Thursday, November 2, 2017

The Slivers of Light in The Dark Ages

Boethius teaching his students
What was the level of darkness in the so-called Dark Ages? If we take the knowledge of Aristotelian ideas as one of the barometers for there being intellectual light in a civilization, then it seems that the European Dark Ages were not as intellectually dark as most popular historians describe it to be.

I am currently reading A History of Philosophy (Volume II): Augustine to Scotus by historian Frederic Copleston. The inference that I draw from the chapters that I have read thus far is that the interest in Aristotle never came to an end in Europe. There was almost a continuous line of scholars from the days of the Roman Empire to the 13th century, when Thomas Aquinas arrived on the scene and took Aristotelianism to a much wider audience, who were taking active interest in Aristotle’s teachings.

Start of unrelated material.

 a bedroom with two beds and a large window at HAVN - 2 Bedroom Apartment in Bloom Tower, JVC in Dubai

Copleston offers brief introduction to several scholars in the Middle Ages who were studying Aristotle and commenting on his ideas.

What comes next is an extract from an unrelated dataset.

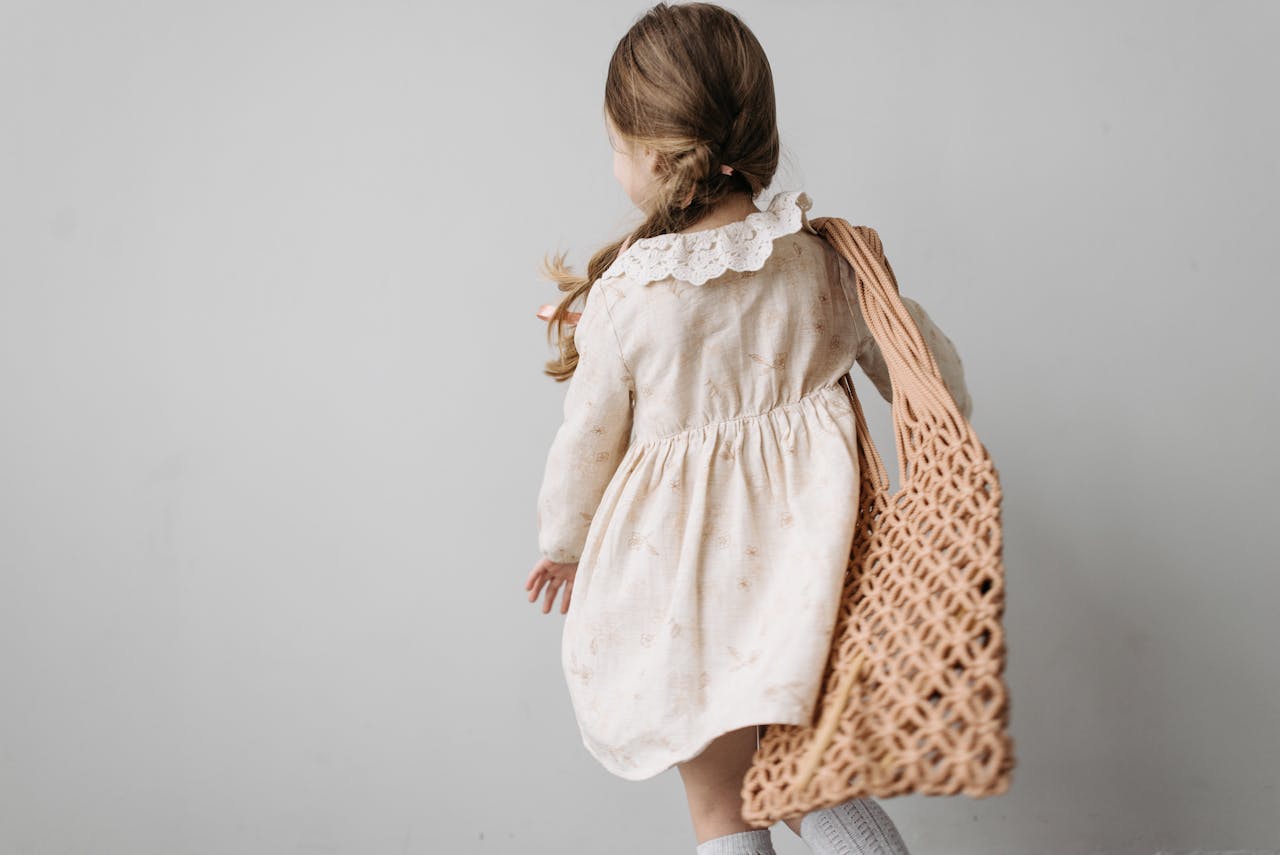 Back view of a young girl in a floral dress carrying an eco-friendly bag indoors.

One of these scholars is Boethius (AD 480—524/5) who, according to Copleston, transmitted to the mediaeval Europeans the knowledge of Aristotelian logic. Boethius wrote several works on logic and translated Aristotle’s Organon into Latin. He has also commented on the Isagoge which was written by Porphyry in Greek during the years 268-270. The Isagoge is an introduction to Aristotle’s Categories. Boethius may have translated other works of Aristotle, because in his extant works he mentions several salient Aristotelian doctrines.

Here’s an excerpt from chapter 10, “Boethius, Cassiodorus, Isidore,” of Copleston’s A History of Philosophy (Volume II): Augustine to Scotus:
Boethius, then, was of very considerable importance, for he transmitted to the earlier Middle Ages a great part of the knowledge of Aristotle then available. In addition, his application of philosophical categories to theology helped towards the development of theological science, while his use of and definition of philosophical terms was of service to both theology and philosophy. Lastly we may mention the influence exercised by his composition of commentaries, for this type of writing became a favorite method of composition among the medievals. Even if not particularly remarkable as an original and independent philosopher, Boethius is yet of major significance as a transmitter and as a philosopher who attempted to express Christian doctrine in terms drawn, not simply from the neo-Platonists, but also from the philosopher whose thought was to become a predominant influence in the greatest philosophical synthesis of the Middle Ages.  
Boethius’s work was carried forward by his two pupils, Cassiodorus and Isidore. The Stanford Encyclopedia of Philosophy has lot of interesting information on  Boethius’s life and works.